Heute können wir auf Whalewatching-Touren lebendige Wale in ihrer natürlichen Umgebung sehen; die modernen toten Wale präsentieren ihr Skelett in strahlendem Led-Licht, hervorragend museumspädagogisch aufbereitet. Das besondere, seltene Erlebnis der Beobachtung einer Strandung eines großen Wals, das gewaltige hilflose, (meist) nicht mehr zu rettende, sterbende und schließlich tote „Monstrum“, eine aussterbende Spezies zu sehen, das hat auch heute an Dramatik nichts eingebüßt.

Ende des 16. Jahrhunderts strandete ein Wal an der holländischen Küste zwischen Katwijk und Scheveningen, auch er wird besichtigt, vermessen und verwertet. Ein großes Ereignis, nicht nur wegen der Größe des angelandeten Meerestieres, das kaum einer zuvor gesehen hat. Die Menschen strömen herbei, alle wollen das Monstrum sehen, manche wollen es wissenschaftlich untersuchen, manche seinen Körper in bare Münze umsetzen, sind interessiert an ihm als Ressource, als Lieferant von Tran, Walrat (Sperma) und Ambra, eine wachsartige Substanz aus dem Verdauungstrakt zur Parfümherstellung.

Der Kupferstich des bekannten holländischen Künstlers Jakob Matham ist eine der frühen, zum ersten Mal sehr naturalistischen Abbildungen einer Walstrandung, Vorbild für andere Kunstwerke, Gemälde, Flugblätter. Die weit verbreitete Darstellung prägt für viele Menschen über einen langen Zeitraum das Bild des Wals, das bis dahin ein ungeheures Fantasiewesen war. Es ist ein Bild, auf dem viel zu entdecken ist: Es ist nicht nur das enorme Tier, exakt gezeichnet und gestochen, sondern die Landschaft des sog. „goldenen Zeitalters“ zu sehen, und vor allem die Menschen, die diesem Ereignis beiwohnen.
Viele solcher Strandungsbilder sind im 16. und 17. Jahrhundert in Holland zur Verbreitung gekommen und sie werfen Licht auf eine im Umbruch befindliche Gesellschaft in einer dramatischen Zeit inmitten kriegerischer Auseinandersetzungen.
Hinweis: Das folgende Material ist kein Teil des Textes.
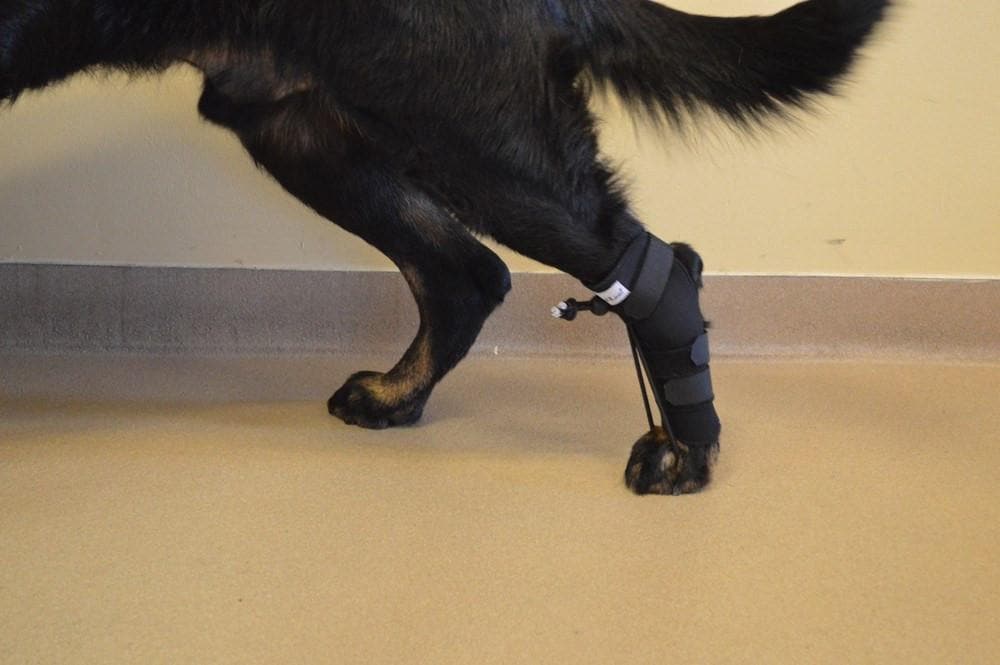No-Knuckling Training Sock Pata Trasera de Walkin' Pets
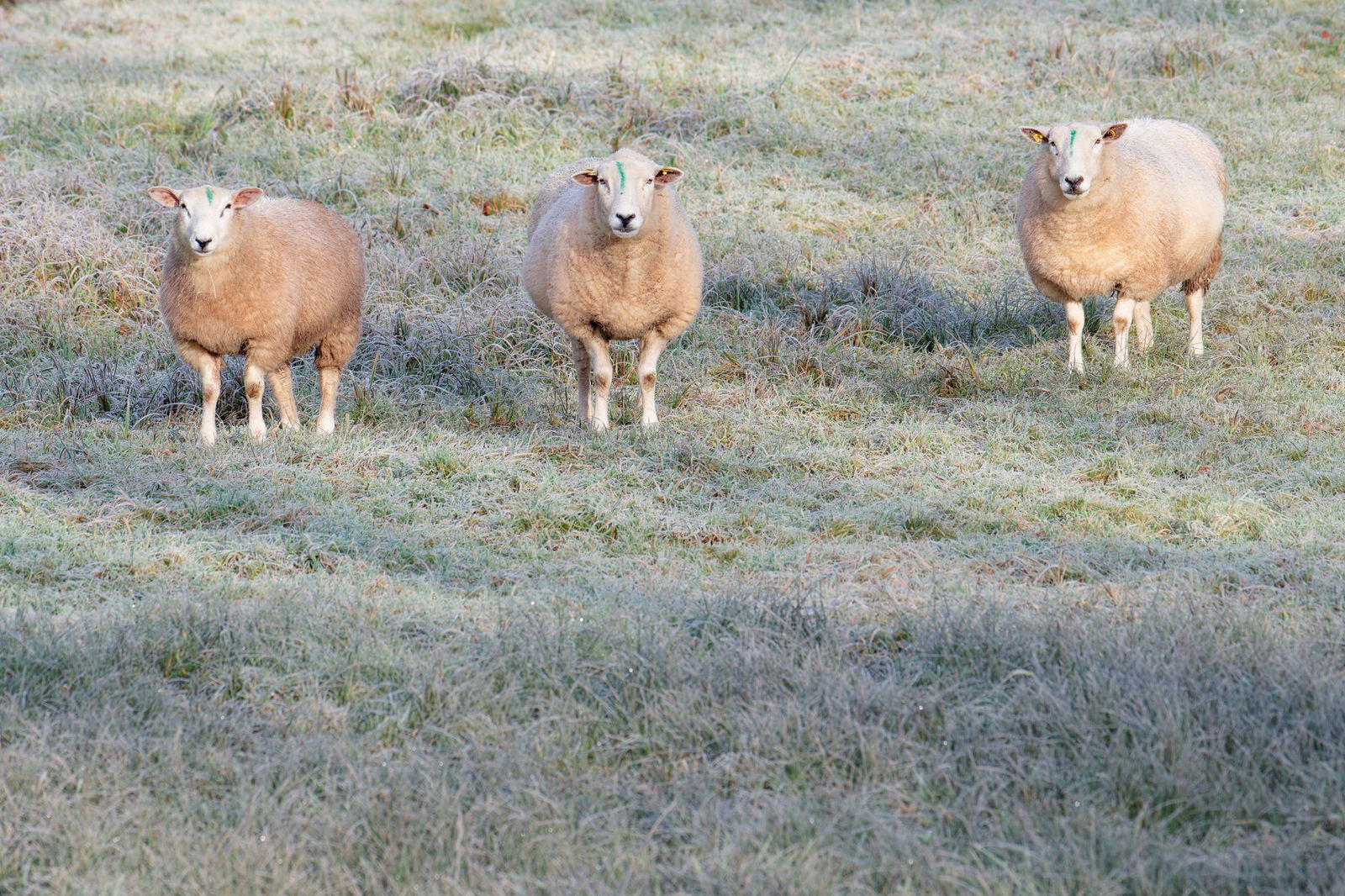 Wo bleibt der Schnee? (Archivbild)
Viele Wale sind damals gestrandet; in einer Epoche enorm gestiegener Kunstproduktion wird die Sensation nun medial vermittelt, auch zu den Menschen gebracht, die nicht vor Ort sein können, und mit bedeutungsschweren Texten versehen. Der Wal wird zum Symbol.

Der tote Pottwal im Zentrum ist ein verlorenes, aus seinem Element geworfenes Tier, das möglicherweise mehr als über sich über den historischen Kontext, über die besondere Faszination und das große Staunen der Menschen aussagt, zumal bei heutiger Betrachtung. Daher geht unsere kleine Forschungsreise weiter ins 19. Jahrhundert zu den zahlreichen Wal-Zurschaustellungen und ins 20. Jahrhundert, wo einige von uns als Kinder präparierte Walkadaver auf LKW-Pritschen oder Eisenbahnwaggons besichtigen durften.

Ein schönes, kleines Buch, das für Kunstliebhaber und Naturfreunde gleichermaßen zu empfehlen ist.

07.04.2017
Gabriele Klempert
„Warhafftig und wunderbarlich Monster“. Von gestrandeten Walen. Kolbe, Susanna. 79 S. 37 Abb. 21 x 13 cm. Gb. Jonas Verlag, Kromsdorf 2015. EUR 15,00. CHF 21,90.